_THE TASK_
Here is a block of entries. Write out its lines exactly, from the first through the one containing "森然U89电容麦克风网红主播唱歌直播录音声卡专业大振膜话筒套装".
□ □ □ □ □
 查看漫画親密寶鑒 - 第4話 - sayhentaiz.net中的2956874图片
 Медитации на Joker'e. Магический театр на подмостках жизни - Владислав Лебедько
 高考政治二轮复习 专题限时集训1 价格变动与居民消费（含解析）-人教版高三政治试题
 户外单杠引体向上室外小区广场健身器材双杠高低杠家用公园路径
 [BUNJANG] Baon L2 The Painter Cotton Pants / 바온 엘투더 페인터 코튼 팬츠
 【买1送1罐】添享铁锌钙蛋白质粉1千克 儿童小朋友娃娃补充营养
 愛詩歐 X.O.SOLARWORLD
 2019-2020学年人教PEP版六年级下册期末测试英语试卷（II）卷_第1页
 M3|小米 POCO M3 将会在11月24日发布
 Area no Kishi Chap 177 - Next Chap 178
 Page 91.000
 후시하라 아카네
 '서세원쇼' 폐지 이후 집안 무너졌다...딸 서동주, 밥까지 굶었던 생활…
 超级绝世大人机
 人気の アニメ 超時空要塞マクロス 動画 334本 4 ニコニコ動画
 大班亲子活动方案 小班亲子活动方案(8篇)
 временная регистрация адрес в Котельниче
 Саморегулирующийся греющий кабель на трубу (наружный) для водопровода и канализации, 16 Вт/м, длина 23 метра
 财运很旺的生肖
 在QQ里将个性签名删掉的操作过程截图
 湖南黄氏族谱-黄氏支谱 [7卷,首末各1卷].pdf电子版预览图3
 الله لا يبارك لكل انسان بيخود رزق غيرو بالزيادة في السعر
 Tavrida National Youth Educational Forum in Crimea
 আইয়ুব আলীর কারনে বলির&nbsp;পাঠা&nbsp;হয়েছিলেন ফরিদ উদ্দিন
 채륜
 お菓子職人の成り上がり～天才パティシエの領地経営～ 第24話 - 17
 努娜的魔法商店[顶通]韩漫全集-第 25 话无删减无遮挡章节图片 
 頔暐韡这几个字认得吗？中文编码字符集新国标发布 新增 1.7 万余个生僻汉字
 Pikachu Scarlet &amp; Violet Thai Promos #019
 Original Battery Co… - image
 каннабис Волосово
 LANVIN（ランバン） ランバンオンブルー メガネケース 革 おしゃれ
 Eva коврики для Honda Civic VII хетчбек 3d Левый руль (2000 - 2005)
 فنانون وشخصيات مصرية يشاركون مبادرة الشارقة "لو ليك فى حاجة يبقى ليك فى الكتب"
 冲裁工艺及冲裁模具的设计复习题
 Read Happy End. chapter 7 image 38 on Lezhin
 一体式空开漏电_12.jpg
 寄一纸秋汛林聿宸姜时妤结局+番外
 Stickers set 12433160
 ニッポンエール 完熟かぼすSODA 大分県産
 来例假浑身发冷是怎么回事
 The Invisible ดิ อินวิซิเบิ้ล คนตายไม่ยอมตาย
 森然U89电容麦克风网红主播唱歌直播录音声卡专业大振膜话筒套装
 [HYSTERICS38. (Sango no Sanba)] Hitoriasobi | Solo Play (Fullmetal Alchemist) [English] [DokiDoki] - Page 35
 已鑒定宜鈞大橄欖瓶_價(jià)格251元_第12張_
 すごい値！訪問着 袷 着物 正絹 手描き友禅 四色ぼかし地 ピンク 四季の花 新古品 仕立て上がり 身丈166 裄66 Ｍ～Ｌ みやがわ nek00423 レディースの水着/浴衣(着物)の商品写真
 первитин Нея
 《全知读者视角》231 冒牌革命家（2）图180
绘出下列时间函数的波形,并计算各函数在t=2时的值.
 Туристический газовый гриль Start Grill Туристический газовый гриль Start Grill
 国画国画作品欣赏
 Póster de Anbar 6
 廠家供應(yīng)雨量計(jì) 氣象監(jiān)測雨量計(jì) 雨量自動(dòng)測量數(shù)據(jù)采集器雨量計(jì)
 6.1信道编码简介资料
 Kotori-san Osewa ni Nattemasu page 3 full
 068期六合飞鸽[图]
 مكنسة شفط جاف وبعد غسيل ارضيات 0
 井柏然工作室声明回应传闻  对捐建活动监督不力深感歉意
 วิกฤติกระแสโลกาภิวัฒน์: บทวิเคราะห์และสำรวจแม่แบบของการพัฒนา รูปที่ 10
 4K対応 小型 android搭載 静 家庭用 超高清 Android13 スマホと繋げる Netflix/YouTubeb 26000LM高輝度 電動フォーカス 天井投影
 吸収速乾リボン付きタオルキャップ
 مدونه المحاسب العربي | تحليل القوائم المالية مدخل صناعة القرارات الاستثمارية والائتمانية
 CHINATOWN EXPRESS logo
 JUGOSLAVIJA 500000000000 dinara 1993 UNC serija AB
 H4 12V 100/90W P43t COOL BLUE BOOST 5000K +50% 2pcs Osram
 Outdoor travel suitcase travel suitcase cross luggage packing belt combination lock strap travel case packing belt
□ □ □ □ □
_REPLY TO THE TASK_
 查看漫画親密寶鑒 - 第4話 - sayhentaiz.net中的2956874图片
 Медитации на Joker'e. Магический театр на подмостках жизни - Владислав Лебедько
 高考政治二轮复习 专题限时集训1 价格变动与居民消费（含解析）-人教版高三政治试题
 户外单杠引体向上室外小区广场健身器材双杠高低杠家用公园路径
 [BUNJANG] Baon L2 The Painter Cotton Pants / 바온 엘투더 페인터 코튼 팬츠
 【买1送1罐】添享铁锌钙蛋白质粉1千克 儿童小朋友娃娃补充营养
 愛詩歐 X.O.SOLARWORLD
 2019-2020学年人教PEP版六年级下册期末测试英语试卷（II）卷_第1页
 M3|小米 POCO M3 将会在11月24日发布
 Area no Kishi Chap 177 - Next Chap 178
 Page 91.000
 후시하라 아카네
 '서세원쇼' 폐지 이후 집안 무너졌다...딸 서동주, 밥까지 굶었던 생활…
 超级绝世大人机
 人気の アニメ 超時空要塞マクロス 動画 334本 4 ニコニコ動画
 大班亲子活动方案 小班亲子活动方案(8篇)
 временная регистрация адрес в Котельниче
 Саморегулирующийся греющий кабель на трубу (наружный) для водопровода и канализации, 16 Вт/м, длина 23 метра
 财运很旺的生肖
 在QQ里将个性签名删掉的操作过程截图
 湖南黄氏族谱-黄氏支谱 [7卷,首末各1卷].pdf电子版预览图3
 الله لا يبارك لكل انسان بيخود رزق غيرو بالزيادة في السعر
 Tavrida National Youth Educational Forum in Crimea
 আইয়ুব আলীর কারনে বলির&nbsp;পাঠা&nbsp;হয়েছিলেন ফরিদ উদ্দিন
 채륜
 お菓子職人の成り上がり～天才パティシエの領地経営～ 第24話 - 17
 努娜的魔法商店[顶通]韩漫全集-第 25 话无删减无遮挡章节图片 
 頔暐韡这几个字认得吗？中文编码字符集新国标发布 新增 1.7 万余个生僻汉字
 Pikachu Scarlet &amp; Violet Thai Promos #019
 Original Battery Co… - image
 каннабис Волосово
 LANVIN（ランバン） ランバンオンブルー メガネケース 革 おしゃれ
 Eva коврики для Honda Civic VII хетчбек 3d Левый руль (2000 - 2005)
 فنانون وشخصيات مصرية يشاركون مبادرة الشارقة "لو ليك فى حاجة يبقى ليك فى الكتب"
 冲裁工艺及冲裁模具的设计复习题
 Read Happy End. chapter 7 image 38 on Lezhin
 一体式空开漏电_12.jpg
 寄一纸秋汛林聿宸姜时妤结局+番外
 Stickers set 12433160
 ニッポンエール 完熟かぼすSODA 大分県産
 来例假浑身发冷是怎么回事
 The Invisible ดิ อินวิซิเบิ้ล คนตายไม่ยอมตาย
 森然U89电容麦克风网红主播唱歌直播录音声卡专业大振膜话筒套装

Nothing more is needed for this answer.